In a hot real estate market, it is easy to rush into a buying decision without considering all of the variables that come with acquiring a home. Luckily, there are usually contingencies in place that protect both the buyer and seller from making a mistake. One of these contingencies is the home inspection, which allows the buyer to ensure that there are no major flaws or defects with the home before they are fully under contract. Many homebuyers waive this contingency to make their offer more attractive to a seller in a multiple offer situation, but this strategy does not come without its risks. The following article provides an in-depth look at home inspections and their value to both the buyer and seller.
What exactly is a home inspection?
In most typical real estate transactions, a home inspection is the next step that occurs after a bid is accepted. Buyers are responsible for hiring the inspector before the deal closes, and the process is in place to protect them.
The inspector’s job is to examine a home, determining whether there are problems with its exterior or interiors, from the foundation to the roof. The inspector provides a report to a buyer, who can then bring that information to a seller and use it back at the bargaining table.
How quickly do I have to schedule one?
“It depends on the contract and the state you’re in,” says Frank Lesh, executive director of the American Society of Home Inspectors. But typically, he adds, buyers have five to 10 days after a home goes under contract.
Lesh’s advice: Once a home is under contract, contact an inspector immediately.
“Inspectors are busy, especially in hot markets,” he says. “Some people tend to forget and wait until the last minute. You really only have a few days.”
How can I find a well-respected home inspector?
Regulations for home inspectors differ across the United States. In New Jersey, for instance, inspectors are licensed and regulated by the state’s Home Inspection Advisory Committee. To become certified, inspectors must, by law, complete 180 hours of study courses, including 40 hours of unpaid field work in the presence of a licensed inspector. Each inspector must pass a national exam, and complete continuing education every other year.

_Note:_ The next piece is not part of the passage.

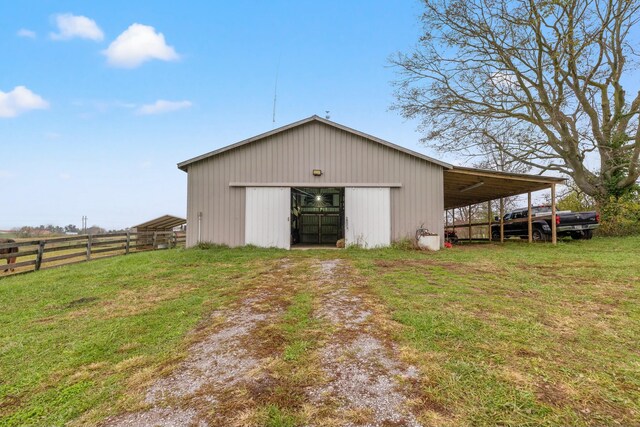 view of outbuilding with a lawn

In Pennsylvania, by contrast, home inspectors are not regulated by the state, and instead are required to be a “member in good standing of a national home inspection association,” such as the American Society of Home Inspectors (ASHI) or the International Association of Certified Home Inspectors (interNACHI). Each association has its own requirements on certification and continuing education; for example, ASHI requires inspectors to pass the national exam and to complete 250 inspections to become certified. Continuing education is also required.